## Work request
Would you repeat word for word the lines of the listing that follows, from the one with "Zanzibar.SG314 25c Sultan" up to and including the one with "Coach Long Zip", and leave out the images?

*** Opening of Given data ***

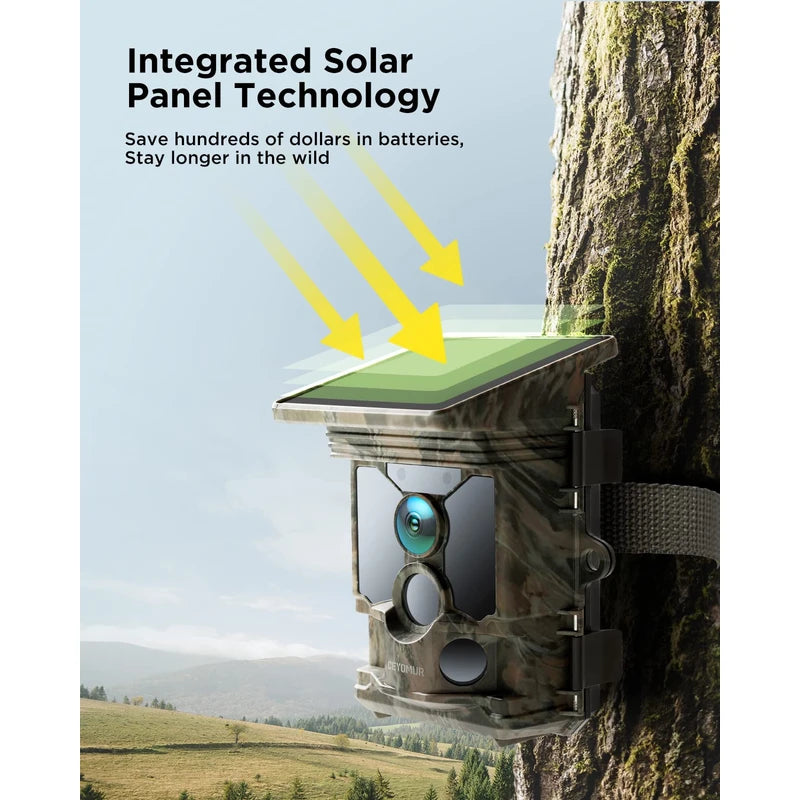 CEYOMUR 4K 30fps Solar Trail Camera, 46MP WiFi Trail Camera with Night Vision 0.1s Trigger Motion Activated, Game Camera with 120° Detection IP66 Waterproof for Wildlife Scouting with 32GB SD Card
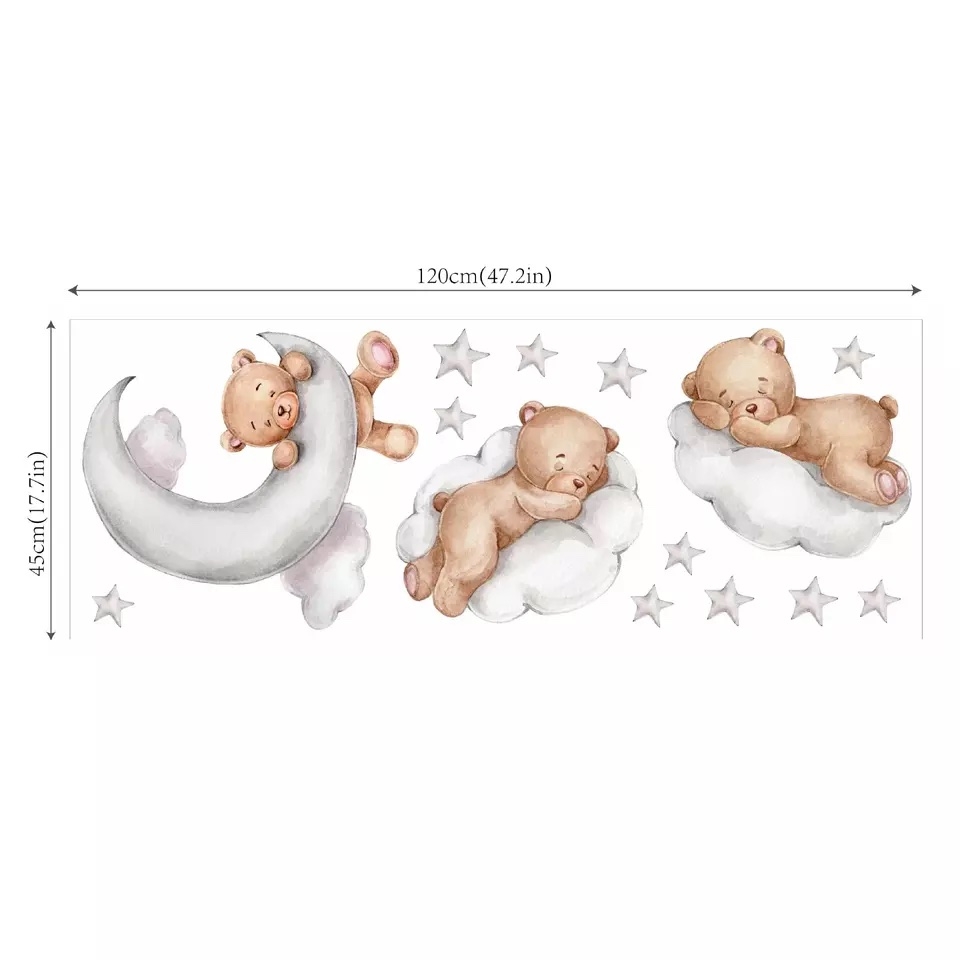 Wandtattoo - Bjørn sover i måne og skyer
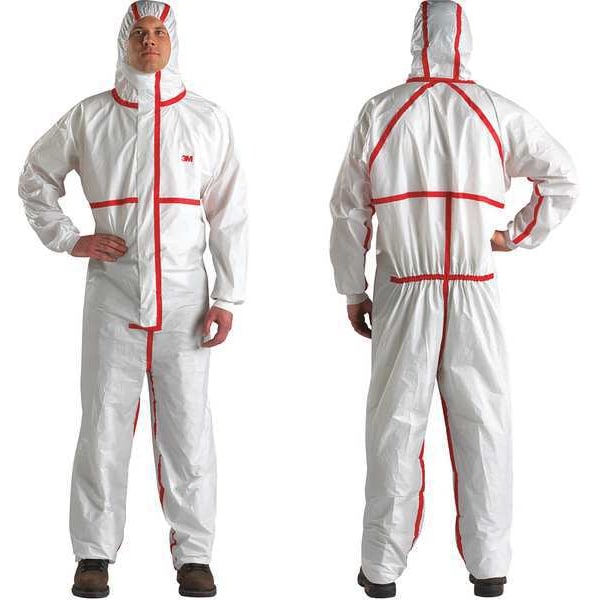 Hooded Disposable Coveralls, 25 PK, Red/White, Non-Microporous Polyethylene Laminate, Polypropylene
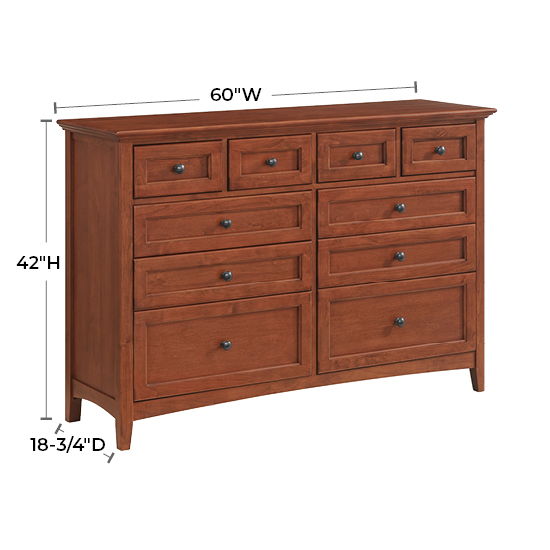 McKenzie - 10-Drawer Dresser - Glazed Antique Cherry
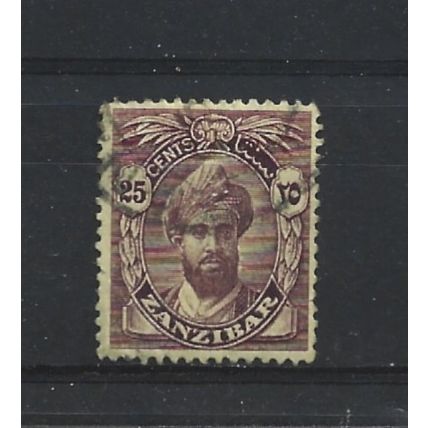 Zanzibar.SG314 25c Sultan Khalifa bin Harub (Purple/Yellow).Fine Used.Jul24e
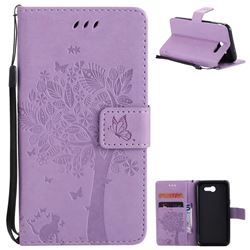 Embossing Butterfly Tree Leather Wallet Case for Samsung Galaxy J3 2017 Emerge - Violet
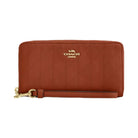 Coach Long Zip Around Wallet With Quilting in Gold Cinnamon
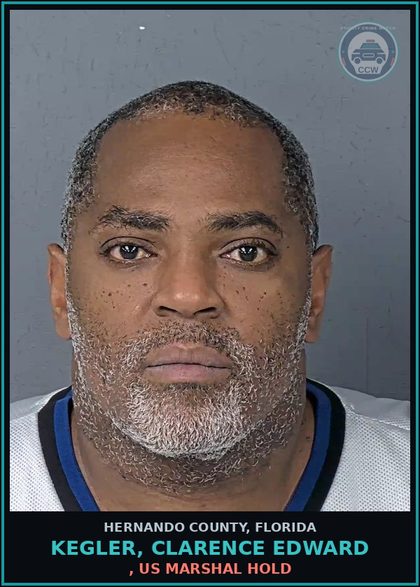 CCW arrest card for KEGLER, CLARENCE EDWARD in Hernando County: , US MARSHAL HOLD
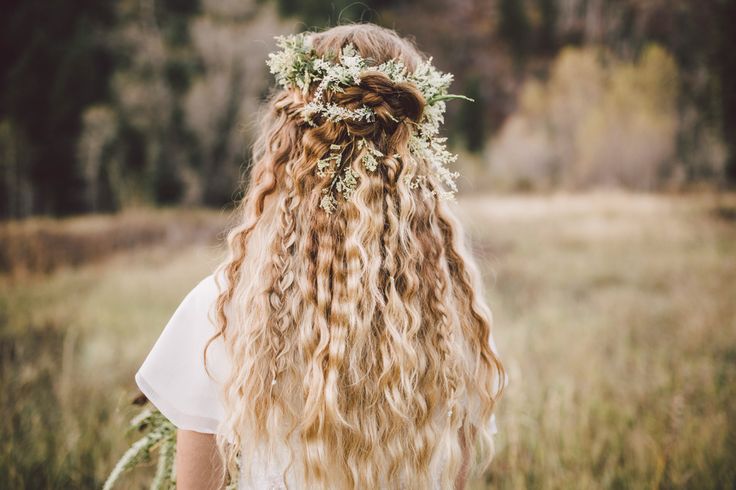 Celtic Knot braids with a flower crown | Blonde aesthetic, Curly .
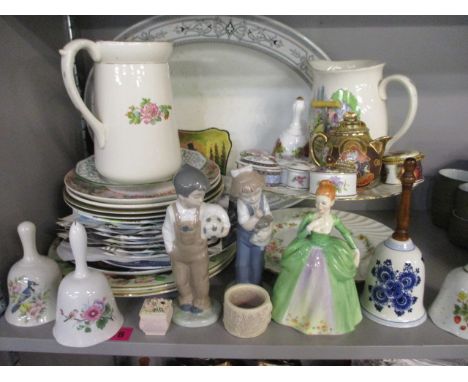 Collectors' and decorative wall plates, two Nao figures, a cake stand, and mixed china to include a meat platter and jugs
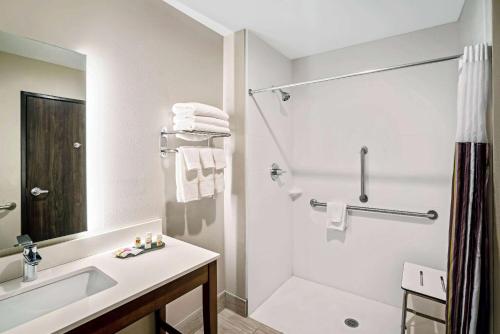 塔斯卡卢萨La Quinta by Wyndham Tuscaloosa McFarland的白色的浴室设有水槽和淋浴。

*** Close of Given data ***

## Problem solution
 Zanzibar.SG314 25c Sultan Khalifa bin Harub (Purple/Yellow).Fine Used.Jul24e
 Embossing Butterfly Tree Leather Wallet Case for Samsung Galaxy J3 2017 Emerge - Violet
 Coach Long Zip Around Wallet With Quilting in Gold Cinnamon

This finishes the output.